Test data best practices
How to handle test data in modern software development
Over the past decade we have had a lot of conversations with organizations about test data management. Many of these organizations have similar problems. That gave us the idea to share some best practices, to deal with test data quickly and smoothly. Handy, especially in these times of modern software development.
5 test data best practices
Discover and understand your data
It is crystal clear that there is a massive lack of database knowledge. In IT everyone knows a lot about ‘code’, but databases are just those trivial things in which data is stored. Talking about databases is not cool – a stark contrast to everyone claiming that data is the new gold.
A big improvement would be to remove this lack of data(base) knowledge. Sure, everyone understands that databases store data. But do you also know how and where? Customer data like first and last names are logically stored in a customer table. But where are the address details? And what about date of birth, bank account numbers?

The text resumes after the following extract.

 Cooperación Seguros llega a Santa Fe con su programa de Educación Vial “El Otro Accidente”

In some occasions these are stored in the same customer table, but just as often this information is stored in another table (too). Next to the tables there are also things like foreign keys and indexes; the data model. Sometimes the data model is neatly formalized but in other cases the data model is not even available in the database. In short: much information is unknown to organizations that want to start managing their test data. So the first best practice is; know your data and your data model.

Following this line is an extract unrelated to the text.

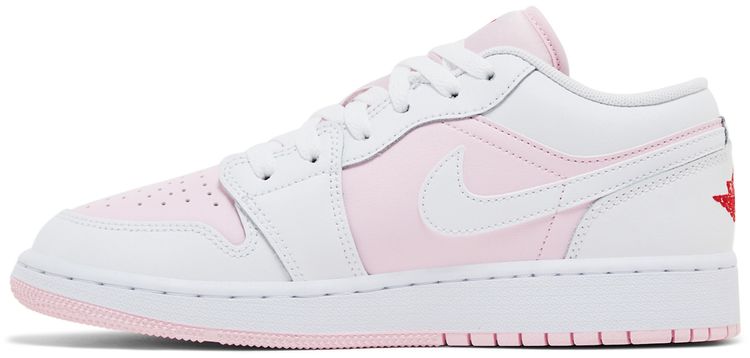 Air Jordan 1 Low GS Pink Foam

Protect privacy sensitive data
Once you have an understanding of the information that is stored inside your database, it is time to take protective measures. Almost every country in the world has data protection legislation in place to make sure that customer data is protected. In general, collected customer data may only be used for the initial purpose. By default testing and development work is not included which means that this customer data may not be used for this purpose. But you need production(-like) data for reliable testing, don’t you? There’s a simple solution: mask or anonymize the data. Make sure that personal, privacy sensitive data is anonymized and cannot be traced back to a natural person.
Ask the DBA for help
Despite all multidisciplinary teams of today, we unfortunately still too often see organizations that are given little or no thought about a proper test data team with at least one database engineer or administrator. This does not help in solving your test data management problems. If you want to discover and fix errors early in the software development process, you not only have to test the application on its code, but you also need representative test data; data corresponding to production. Software teams often think that they can make an estimate of the data they need.

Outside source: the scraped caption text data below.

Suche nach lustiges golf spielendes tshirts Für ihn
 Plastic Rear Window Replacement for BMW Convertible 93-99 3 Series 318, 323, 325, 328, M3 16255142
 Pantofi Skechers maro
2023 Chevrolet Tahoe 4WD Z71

But as outlined in best practice number 1, we regularly encounter situations where there is a lack of knowledge in this area.
If a test team doesn’t have a database administrator (DBA), this role is fulfilled by another department. And this directly causes many delays and problems. Requesting a new database (a production copy or something else) immediately creates challenges. On the one hand because DBAs have other (primary) tasks, on the other hand because they are often involved too late in the software delivery process. The latter often means that things have to come out of the woodwork, but the database administrator has no clue what has happened and what is expected. As a result, teams get data(bases) that often do not meet the requirements in the first instance, resulting in even more delays.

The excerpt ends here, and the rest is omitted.